La Voz de Galicia

La censura tiende a pudrir la imaginación del público, a agostarla, a reducirla al esquema estrecho del pensamiento dominante. Dice Richard Ford (Flores en las grietas, Anagrama 2012) que la víctima de la censura no es el autor o autora, sino el público, a quien se impide ver algo que podría influirle o iluminarle y la capacidad de formular un valioso juicio moral o estético que diga: «No, esto no me gusta. Lo veo y rechazo esa sensibilidad. Busco la belleza y esto no es belleza». La verdadera censura, añade, no es un mero ataque personal que dice «no puedes decir eso», sino un ataque que, insidiosamente, dice «no puedes oír eso, no puedes saber eso, no puedes pensar eso». Estoy de acuerdo y me preocupa.
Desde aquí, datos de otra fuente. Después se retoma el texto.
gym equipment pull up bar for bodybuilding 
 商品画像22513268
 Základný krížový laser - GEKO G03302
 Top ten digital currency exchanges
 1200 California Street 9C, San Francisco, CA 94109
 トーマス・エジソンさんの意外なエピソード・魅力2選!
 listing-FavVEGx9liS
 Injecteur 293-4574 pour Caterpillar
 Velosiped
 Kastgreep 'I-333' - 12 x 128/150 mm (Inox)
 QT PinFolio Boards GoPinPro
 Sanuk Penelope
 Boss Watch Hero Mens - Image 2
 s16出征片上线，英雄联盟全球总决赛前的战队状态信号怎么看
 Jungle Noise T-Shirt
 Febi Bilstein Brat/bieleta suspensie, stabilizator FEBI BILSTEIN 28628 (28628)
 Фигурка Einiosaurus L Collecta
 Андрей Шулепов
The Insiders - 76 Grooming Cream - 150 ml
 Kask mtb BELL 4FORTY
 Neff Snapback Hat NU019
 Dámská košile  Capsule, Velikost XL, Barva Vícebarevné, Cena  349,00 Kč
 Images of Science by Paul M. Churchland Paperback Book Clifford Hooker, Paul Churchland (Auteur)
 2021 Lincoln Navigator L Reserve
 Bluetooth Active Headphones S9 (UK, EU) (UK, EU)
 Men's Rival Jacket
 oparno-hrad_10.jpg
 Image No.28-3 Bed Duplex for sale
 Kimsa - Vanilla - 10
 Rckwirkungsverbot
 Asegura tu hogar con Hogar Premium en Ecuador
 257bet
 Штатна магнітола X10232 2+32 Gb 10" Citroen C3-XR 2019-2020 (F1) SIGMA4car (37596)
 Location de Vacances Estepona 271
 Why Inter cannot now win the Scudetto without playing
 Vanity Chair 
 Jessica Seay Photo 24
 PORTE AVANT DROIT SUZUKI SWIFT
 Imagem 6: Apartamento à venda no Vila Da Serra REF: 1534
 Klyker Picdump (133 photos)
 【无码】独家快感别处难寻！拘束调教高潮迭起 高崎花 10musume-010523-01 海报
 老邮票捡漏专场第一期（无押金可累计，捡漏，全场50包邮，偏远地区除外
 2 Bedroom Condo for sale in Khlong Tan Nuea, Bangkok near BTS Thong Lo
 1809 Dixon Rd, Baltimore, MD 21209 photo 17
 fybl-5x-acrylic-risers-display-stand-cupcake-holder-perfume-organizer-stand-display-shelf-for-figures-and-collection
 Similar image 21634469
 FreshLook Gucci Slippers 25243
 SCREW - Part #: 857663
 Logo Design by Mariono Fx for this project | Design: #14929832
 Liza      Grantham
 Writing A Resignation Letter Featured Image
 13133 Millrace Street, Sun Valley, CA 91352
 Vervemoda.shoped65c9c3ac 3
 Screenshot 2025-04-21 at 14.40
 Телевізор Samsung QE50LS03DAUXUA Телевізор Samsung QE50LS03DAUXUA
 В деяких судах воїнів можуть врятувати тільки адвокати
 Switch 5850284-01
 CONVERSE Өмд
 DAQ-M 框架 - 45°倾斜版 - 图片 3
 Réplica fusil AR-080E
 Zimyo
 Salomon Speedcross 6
La censura moderna se caracteriza por empaquetar en silencio aquello que le disgusta o por agredir a quien lo haya escrito para evitar el debate, el cuerpo a cuerpo con ideas y argumentos contrarios al sistema. De ese modo, la pluralidad mengua hasta desaparecer o convertirse en aparente. Y con ella, mengua también la democracia. Se condena cualquier disidencia a la hoguera mediática. Ocurrió con el debate demográfico y ahora padecemos las consecuencias. Sucede hoy con una lista cada día más amplia de asuntos que no se pueden tratar sin riesgo de apedreamiento. Como dice Ford, siguiendo a Rushdie, «donde no hay debate es difícil seguir recordando cada día que a todo razonamiento se le ha mutilado una línea argumental. Así, resulta casi imposible imaginar qué se ha reprimido y muy fácil, en cambio, pensar que lo reprimido carecía de valor o era tan peligroso que debía ser eliminado».